I have started using the Public Suffix List for my own web application, as a way to reliably parse a hostname into its parts (subdomains, private domain, public suffix). In order to accomplish this, I parse the Public Suffix List and transform it into a Tree-like JSON object.
The structure is simple: The root object contains keys corresponding to the Top Level Domains found in the Public Suffix List. Each of these keys leads to another object containing all of the Second Level Domains that are found under that TLD, and so on and so forth.
Wildcards entries are registered under the key '*'. Don't register any child nodes under a wildcard node.
For an exception, like "!except", register the domain label without the exclamation ("except"), but also add a special property to that node to mark it as an exception (`@exception: true`). Also don't register any child nodes under an exception node.
For a node that corresponds with the left-most domain in a rule, you can likewise add a special property to demarcate it (`@leaf: true`). All wildcard and exception entries will also be `@leaf` nodes.
Once this transformation is done, it becomes trivial to lookup the public suffix of a hostname. Simply break the hostname into its parts (lowercase), based upon the delimiter (`.`), and then traverse the Public Suffix Tree as far as possible using these parts starting from the TLD. As you traverse, keep track of the last `@leaf` node encountered and its depth.
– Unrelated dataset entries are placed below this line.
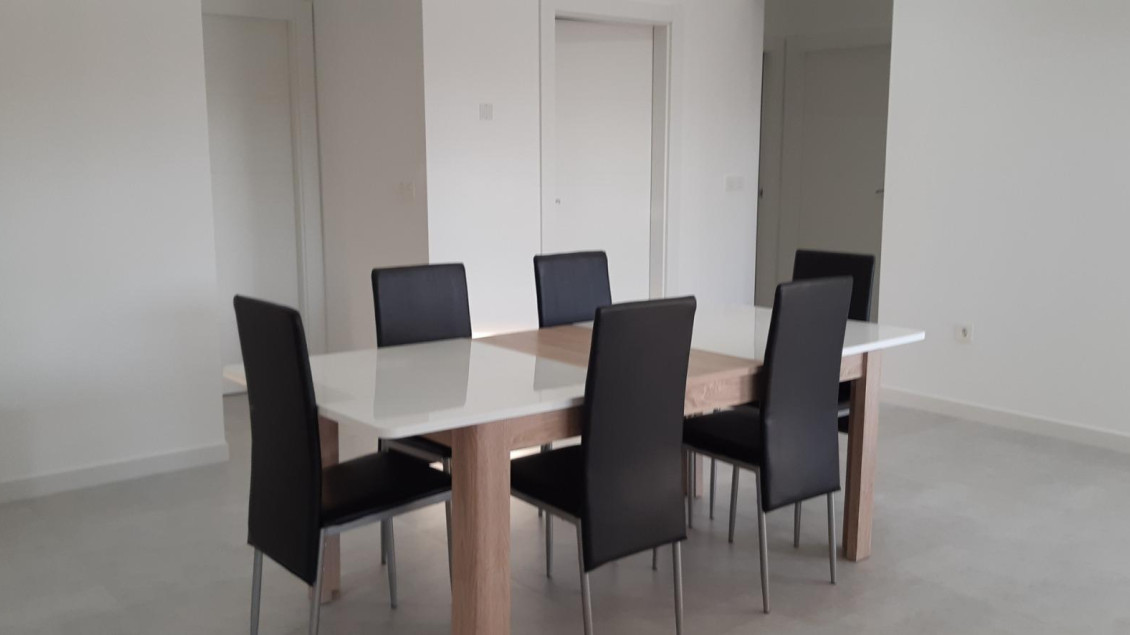 Alquiler a largo plazo - Chalet - Elche pedanias - Algoda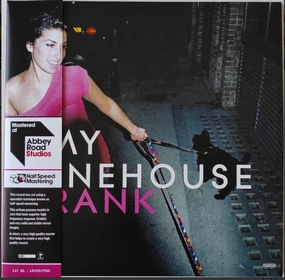 Amy Winehouse  Frank  (Arrives in 4 days ) hi-fi headphone dock,hi-fi coaxial cable,hi-fi optical cable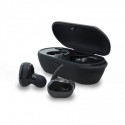 Air Charge Touch Negro – Bluetooth 5.3, In-Ear y Estuche Carga MLAB Inicio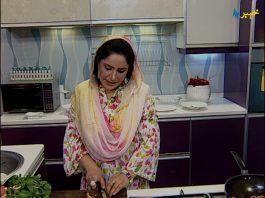 Da Dalda Khawanduna Cooking | 21-4-2021 | Avt Khyber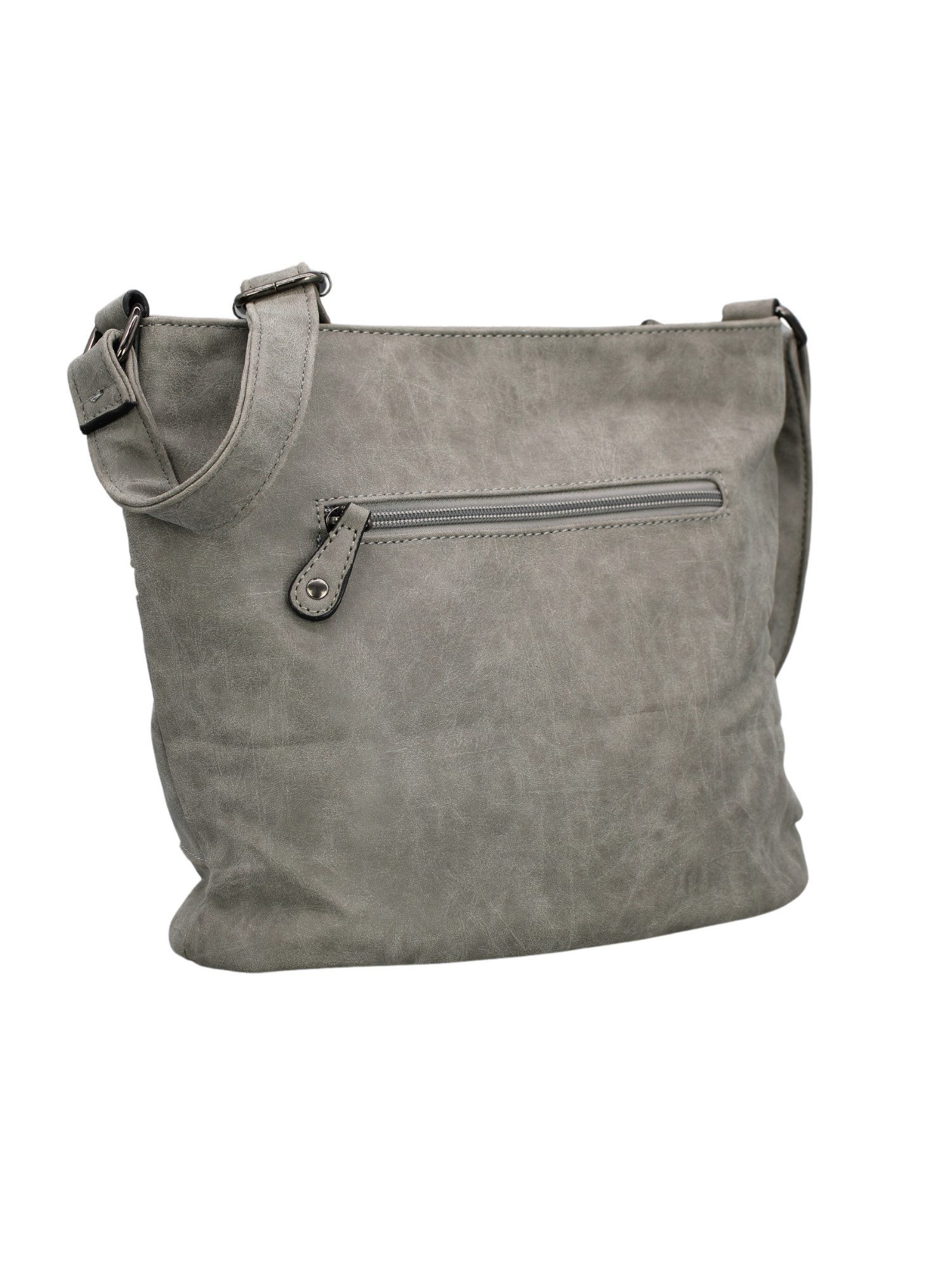 BRISE TASCHE Schultertasche Urban Chic Umhängetasche günstig online kaufen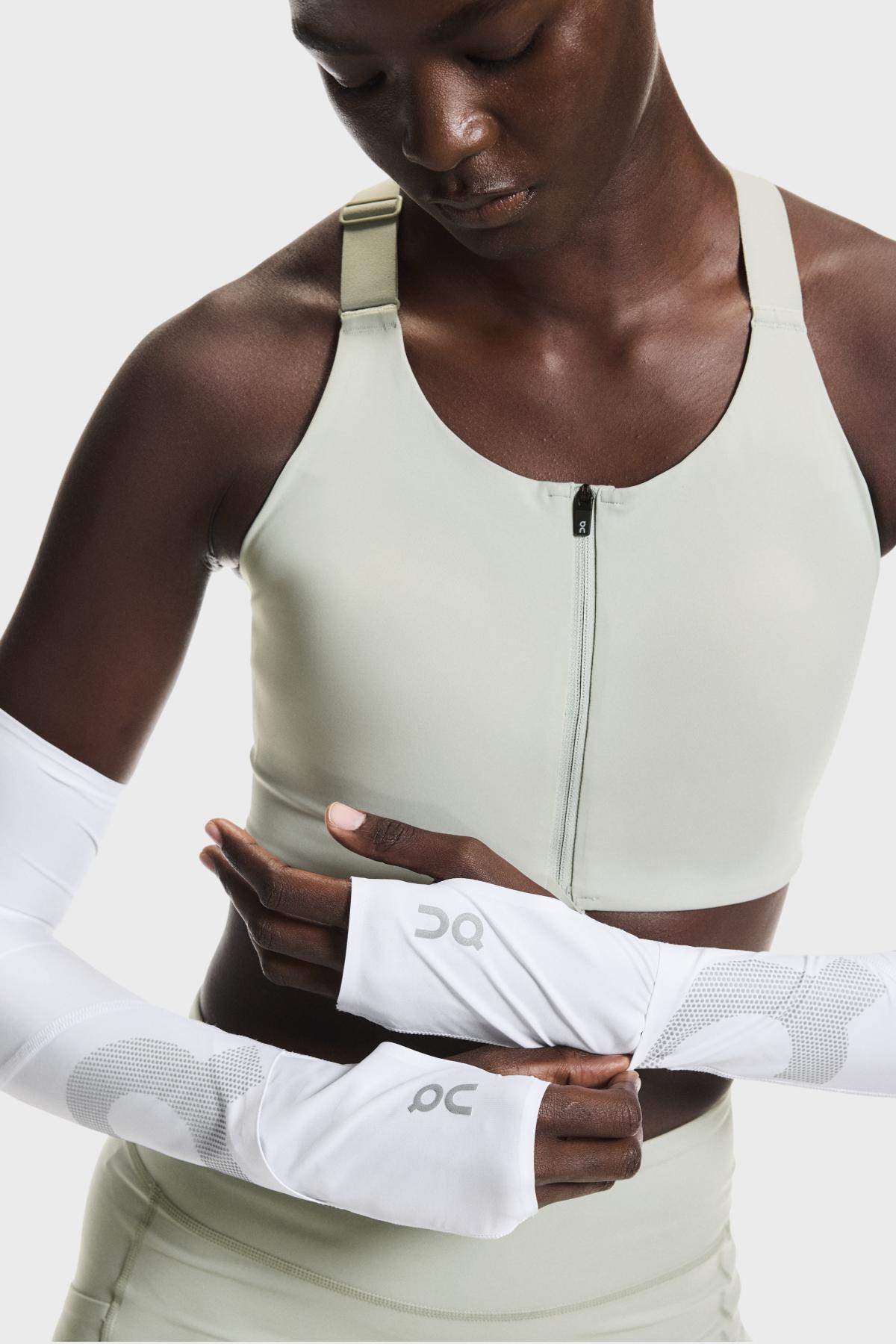 On - Solar Arm Sleeves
If you have matched as far as possible and the current @leaf node is not an exception, check to see if there is a wildcard '*' entry under that leaf node. If so, update your results accordingly. In either case, you now know the depth of the public suffix for the hostname in question. The private domain is at that that depth + 1, and any subdomains are found at any depth greater than that.
I have not had a need to keep track of comments for my application, but could probably work in the comments into the structure as well by adding a @comment attribute to leaf nodes, or perhaps a @commentId and keeping a separate hash or array of comments that can be used to lookup the corresponding comment contents.
-----------------------------
Now, the nice thing about this Public Suffix Tree structure is not only that it can easily be used to parse the public suffix of a hostname, but it can also be readily serialized and deserialized as a simple, standard JSON object. This means that the Public Suffix List could be pre-processed into the Public Suffix Tree structure and be made available for download the same way that the Public Suffix List is now. And since modern programming languages have built-in support for parsing JSON, this makes it that much easier to make use of the Public Suffix Tree.
I would like to propose that we perform such pre-processing and make the Public Suffix Tree .json document available for download along-side the existing Public Suffix List .dat document.